I'm not sure how to search for that given that SRT doesn't actually have a comment syntax. One trick I know exists is to create a cue with no duration, e.g.

00:00:00.000 --> 00:00:00.000
this is a comment

I don't think there's any trick for intra-cue comments that would work in SRT.
================================================================================
 #20  Silvia Pfeiffer                                 2012-02-02 04:02:30 +0000 
--------------------------------------------------------------------------------
Getting the information from different discussion threads in here:

An earlier suggestion by Ian was:
>
> For example:
>
>  00:00.000 --> 00:01.000
>  one <! inline comment > one
>
>  COMMENT-->
>  00:02.000 --> 00:03.000
>  two; this is entirely
>  commented out
>
>  <! this is the ID line
>  00:04.000 --> 00:05.000
>  three; last line is a ">"
>  which is part of the cue
>  and is not a comment.
>  >
>
> The above would work today in a conforming UA. The question really is what
> parts of this do we want to support and what do we not care enough about.

I'm bringing this up again because the WebM community is currently discussing how to encapsulate WebVTT into WebM, see https://docs.google.com/document/d/1-tVXd1mRlWNvZrdIkLAJEp5xt3gDVDwfVubyUm9oNJ4/edit?hl=en_US .

It has some thoughts on how to handle the features that we are still discussing, comments amongst them.

It would be time we resolve those outstanding features.
================================================================================
 #21  Silvia Pfeiffer                                 2012-02-07 03:31:22 +0000 
--------------------------------------------------------------------------------
Something that Glenn Maynard brought up on the mailing list:
we could support inline comments simply as a special type of class, e.g.

WEBVTT

00:00.000 --> 00:01.000
one <c hidden>inline comment</c> two


We then just need a default style for class=hidden that maps to CSS display:none and for standalone players is meaningful as a hidden class.
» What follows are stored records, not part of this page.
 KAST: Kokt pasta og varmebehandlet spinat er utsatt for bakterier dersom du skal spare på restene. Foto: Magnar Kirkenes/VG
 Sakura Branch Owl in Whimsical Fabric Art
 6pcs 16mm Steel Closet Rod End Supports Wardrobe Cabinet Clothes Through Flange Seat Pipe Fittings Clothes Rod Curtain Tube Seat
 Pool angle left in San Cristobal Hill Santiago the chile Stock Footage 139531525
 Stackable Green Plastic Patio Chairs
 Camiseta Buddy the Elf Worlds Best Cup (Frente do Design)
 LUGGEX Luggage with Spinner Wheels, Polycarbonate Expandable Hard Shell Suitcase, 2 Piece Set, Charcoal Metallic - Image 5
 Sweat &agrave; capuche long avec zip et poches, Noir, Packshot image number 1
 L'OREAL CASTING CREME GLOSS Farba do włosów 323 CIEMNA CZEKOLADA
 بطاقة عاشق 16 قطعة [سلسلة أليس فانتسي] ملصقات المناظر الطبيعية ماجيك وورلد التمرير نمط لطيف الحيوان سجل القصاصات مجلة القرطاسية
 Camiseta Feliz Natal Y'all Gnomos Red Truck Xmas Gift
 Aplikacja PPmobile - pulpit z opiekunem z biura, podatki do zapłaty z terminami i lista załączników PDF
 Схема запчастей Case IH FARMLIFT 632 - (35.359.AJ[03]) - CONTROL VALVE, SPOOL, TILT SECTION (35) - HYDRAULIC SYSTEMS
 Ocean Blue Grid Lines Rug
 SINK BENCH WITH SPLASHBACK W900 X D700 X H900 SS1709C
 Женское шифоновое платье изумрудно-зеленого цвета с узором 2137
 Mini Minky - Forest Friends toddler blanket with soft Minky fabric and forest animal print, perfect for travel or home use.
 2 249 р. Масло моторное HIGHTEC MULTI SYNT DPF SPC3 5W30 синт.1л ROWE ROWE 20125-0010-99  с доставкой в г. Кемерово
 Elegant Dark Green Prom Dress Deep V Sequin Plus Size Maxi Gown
That would solve the inline comments case.

Then we just need to solve commenting out blocks or cues.
================================================================================
 #22  Ian 'Hixie' Hickson                             2012-04-25 18:46:41 +0000 
--------------------------------------------------------------------------------
I think we shouldn't solve the inline comment case. (We can "solve" it by letting people hide bits of cues as in comment 21, but that shouldn't be an official solution, since it mixes presentation and content in a way that would break in non-CSS UAs.)

I don't really understand the use case for commenting out a cue but leaving it in.

For the remaining use cases I'm planning on going with comment 16's proposal.
================================================================================
Comment 1 Silvia Pfeiffer 2012-08-17 12:41:39 UTC
Moving to Text Track CG where WebVTT is being specified.
Comment 2 Ian 'Hixie' Hickson 2012-08-29 23:49:35 UTC

*** This bug has been marked as a duplicate of bug 14552 ***
Comment 3 Silvia Pfeiffer 2012-08-30 02:57:38 UTC
Hmm... this is a bug of the TextTracks CG - are you now moving all bugs that relate to WebVTT to the WHATWG?